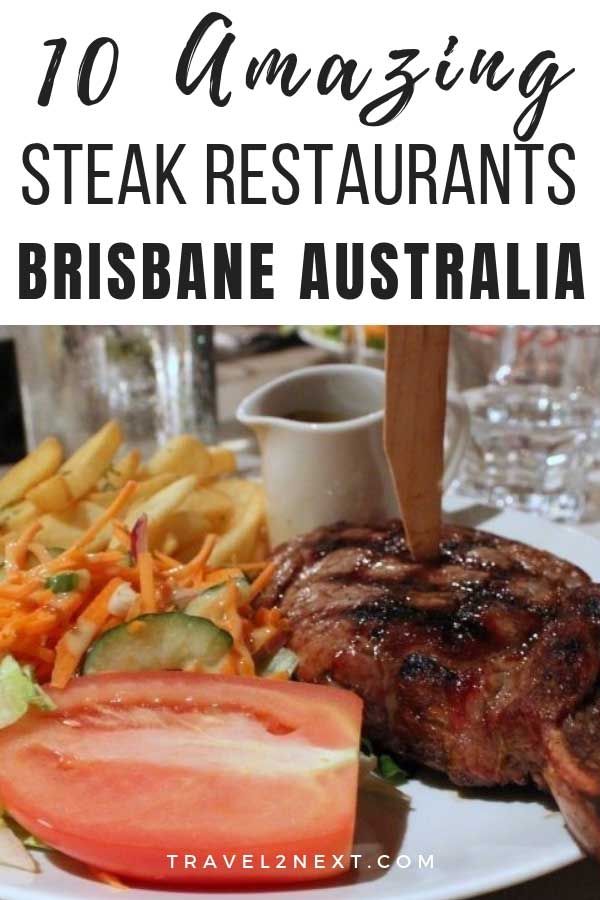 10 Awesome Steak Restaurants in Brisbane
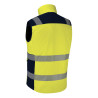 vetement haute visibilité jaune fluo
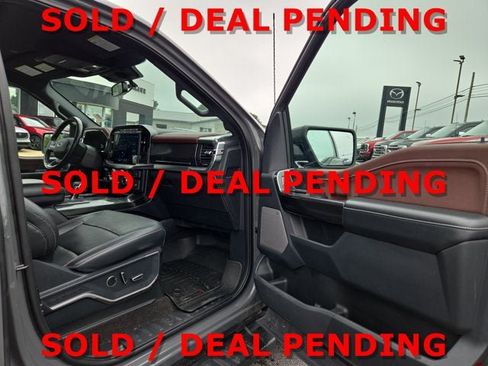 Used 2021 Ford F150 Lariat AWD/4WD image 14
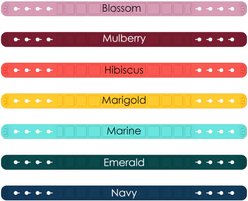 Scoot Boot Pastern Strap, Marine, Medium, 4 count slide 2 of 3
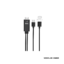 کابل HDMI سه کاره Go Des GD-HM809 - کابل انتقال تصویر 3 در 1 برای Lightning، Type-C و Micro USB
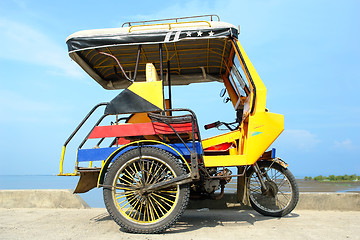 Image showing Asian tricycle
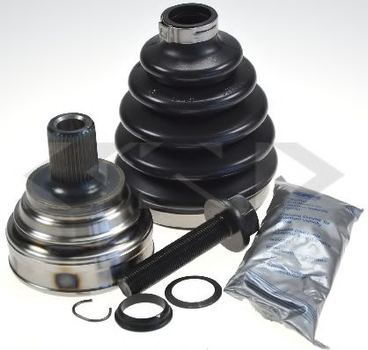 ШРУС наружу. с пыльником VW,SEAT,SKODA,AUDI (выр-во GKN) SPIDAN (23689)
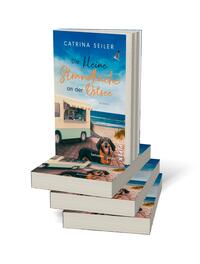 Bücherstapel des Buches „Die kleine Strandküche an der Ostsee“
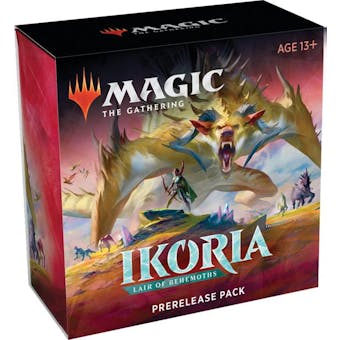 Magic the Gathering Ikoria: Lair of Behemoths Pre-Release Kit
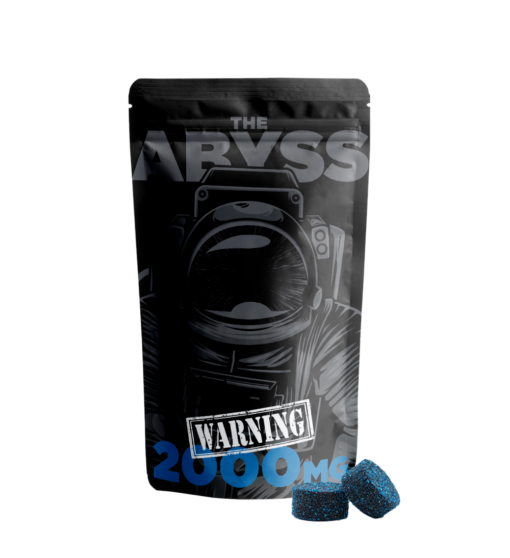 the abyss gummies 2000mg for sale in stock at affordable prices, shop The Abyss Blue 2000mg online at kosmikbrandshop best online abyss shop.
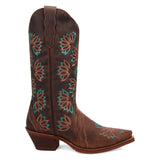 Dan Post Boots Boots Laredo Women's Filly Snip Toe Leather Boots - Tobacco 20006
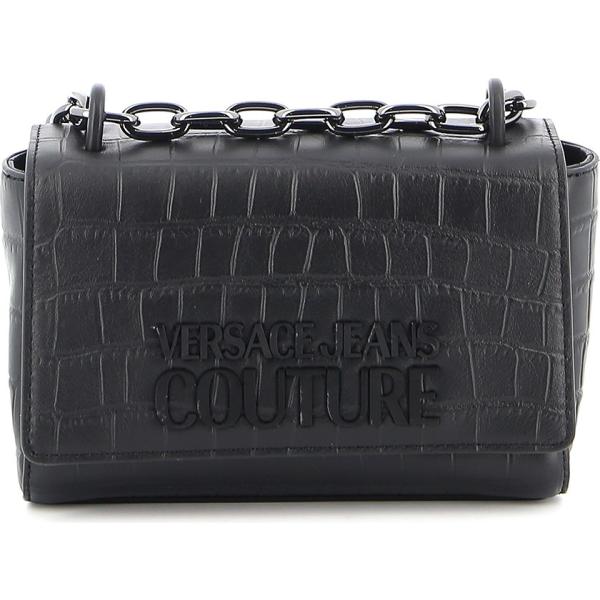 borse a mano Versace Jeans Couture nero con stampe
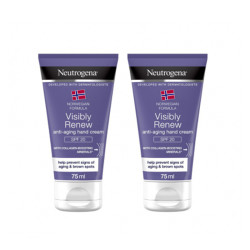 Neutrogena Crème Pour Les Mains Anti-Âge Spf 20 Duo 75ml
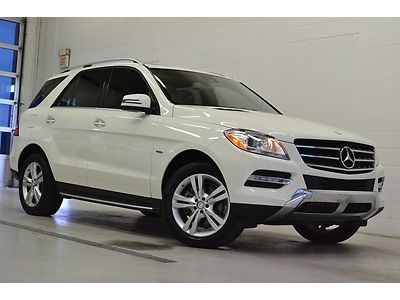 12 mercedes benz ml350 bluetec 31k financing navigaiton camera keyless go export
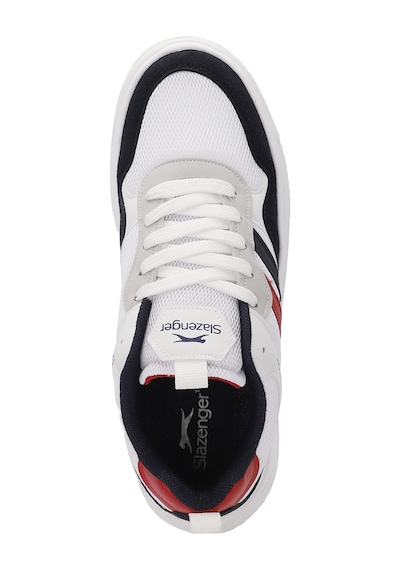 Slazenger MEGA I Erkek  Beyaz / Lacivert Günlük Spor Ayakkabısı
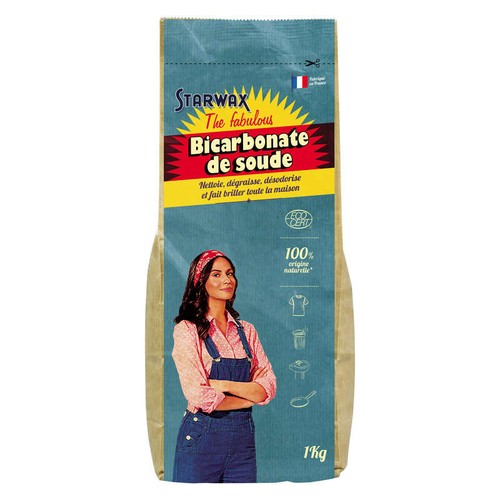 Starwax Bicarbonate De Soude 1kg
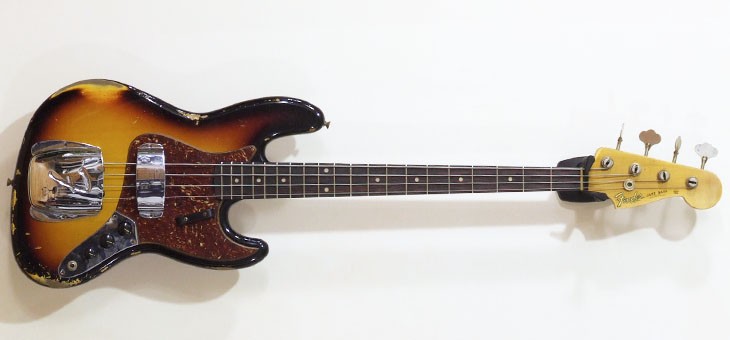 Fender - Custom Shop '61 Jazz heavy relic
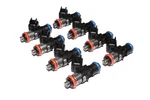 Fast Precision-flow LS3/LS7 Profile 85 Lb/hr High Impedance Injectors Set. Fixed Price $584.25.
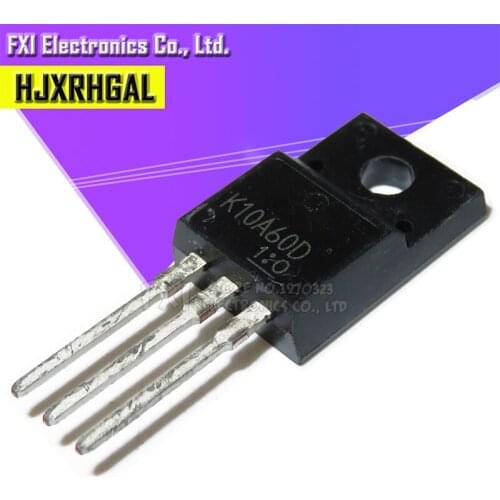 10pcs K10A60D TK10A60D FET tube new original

===

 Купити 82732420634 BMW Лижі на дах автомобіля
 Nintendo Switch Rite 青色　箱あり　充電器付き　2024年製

===

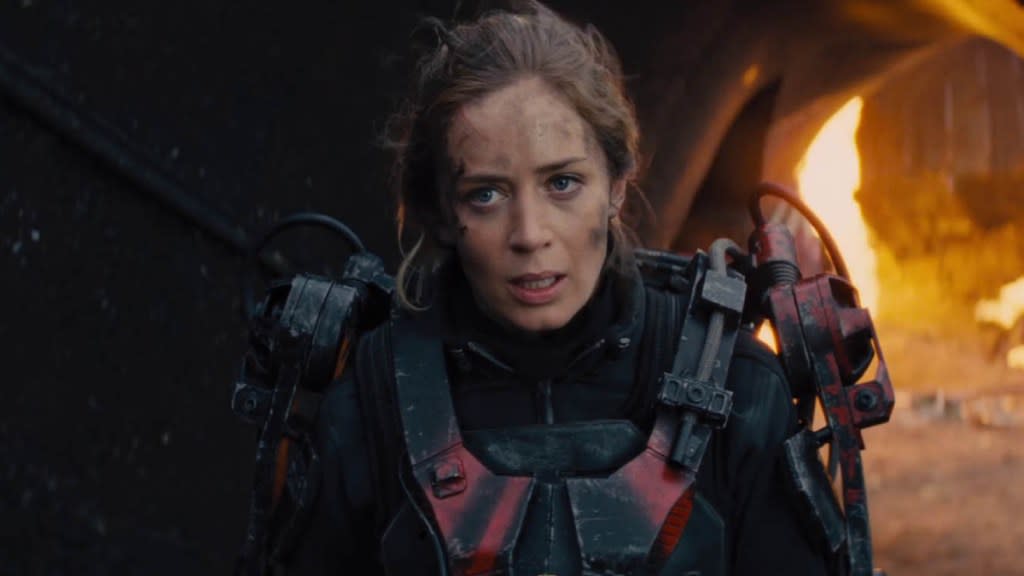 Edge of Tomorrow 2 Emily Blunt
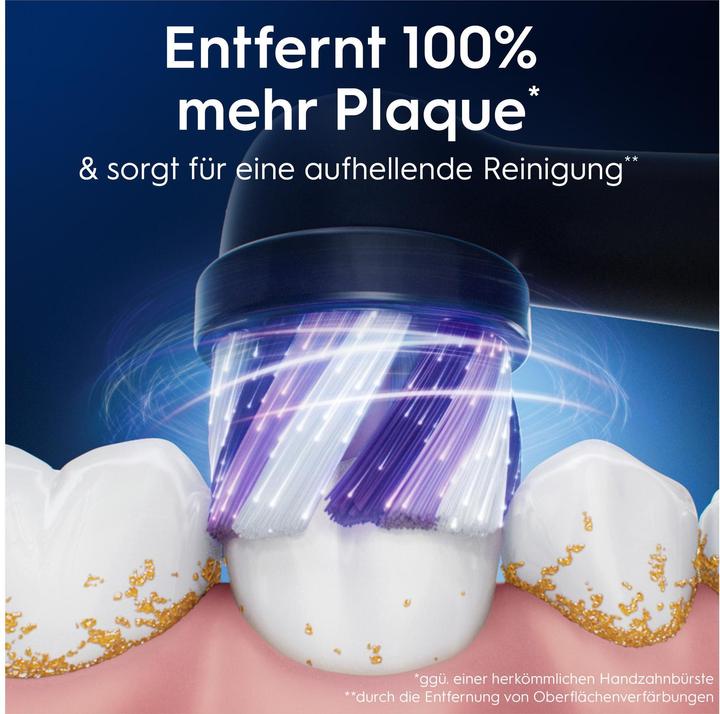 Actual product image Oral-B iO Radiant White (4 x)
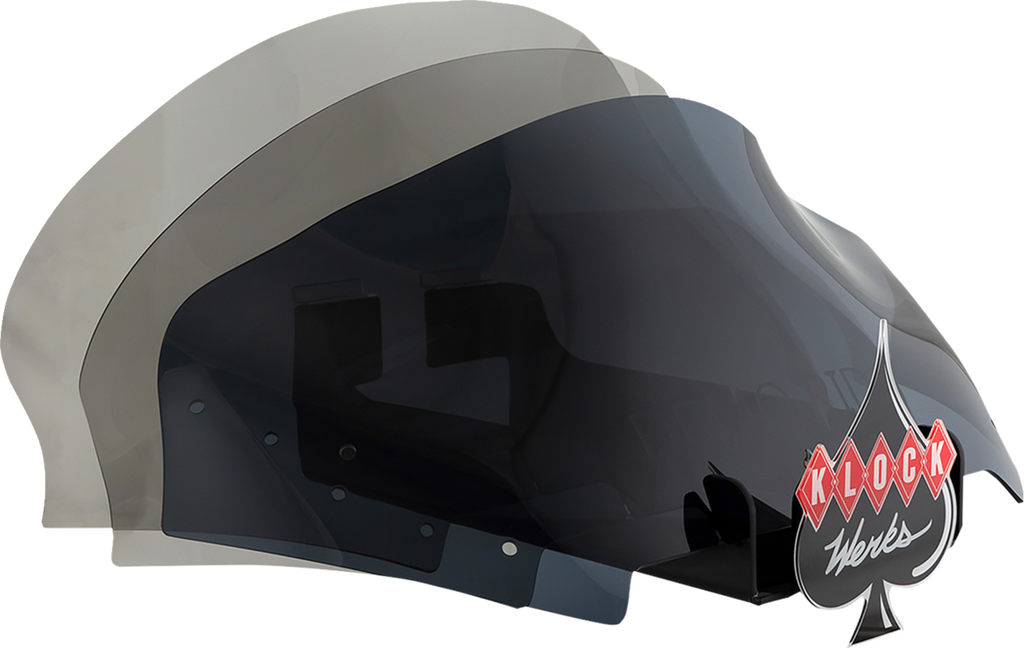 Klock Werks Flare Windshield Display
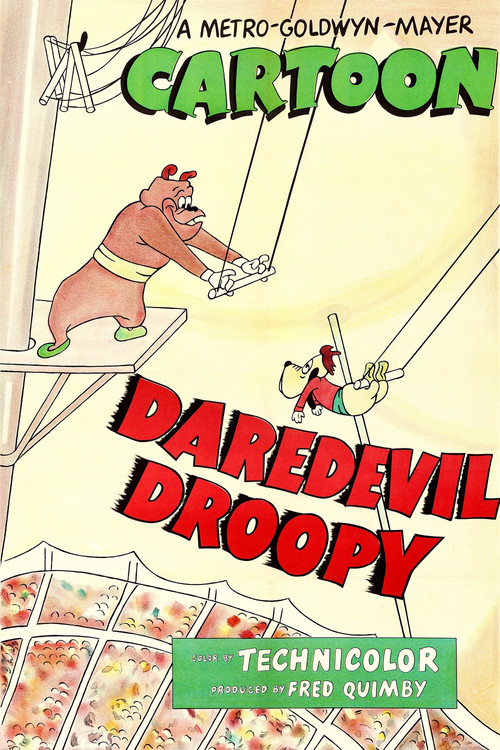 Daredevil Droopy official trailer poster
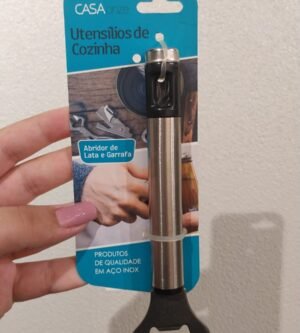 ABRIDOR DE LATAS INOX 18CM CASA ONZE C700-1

===

▶ [Exercise description] What's needed is an exact copy of the lines above from the one with "10 Awesome Steak Restaurants in Brisbane" through the one with "Bücherstapel des Buches", both included; the pictures stay out.

▶ [Answer section]
 10 Awesome Steak Restaurants in Brisbane
 vetement haute visibilité jaune fluo
 Used 2021 Ford F150 Lariat AWD/4WD image 14
 Scoot Boot Pastern Strap, Marine, Medium, 4 count slide 2 of 3
 کابل HDMI سه کاره Go Des GD-HM809 - کابل انتقال تصویر 3 در 1 برای Lightning، Type-C و Micro USB
 Image showing Asian tricycle
 ШРУС наружу. с пыльником VW,SEAT,SKODA,AUDI (выр-во GKN) SPIDAN (23689)
 Bücherstapel des Buches „Die kleine Strandküche an der Ostsee“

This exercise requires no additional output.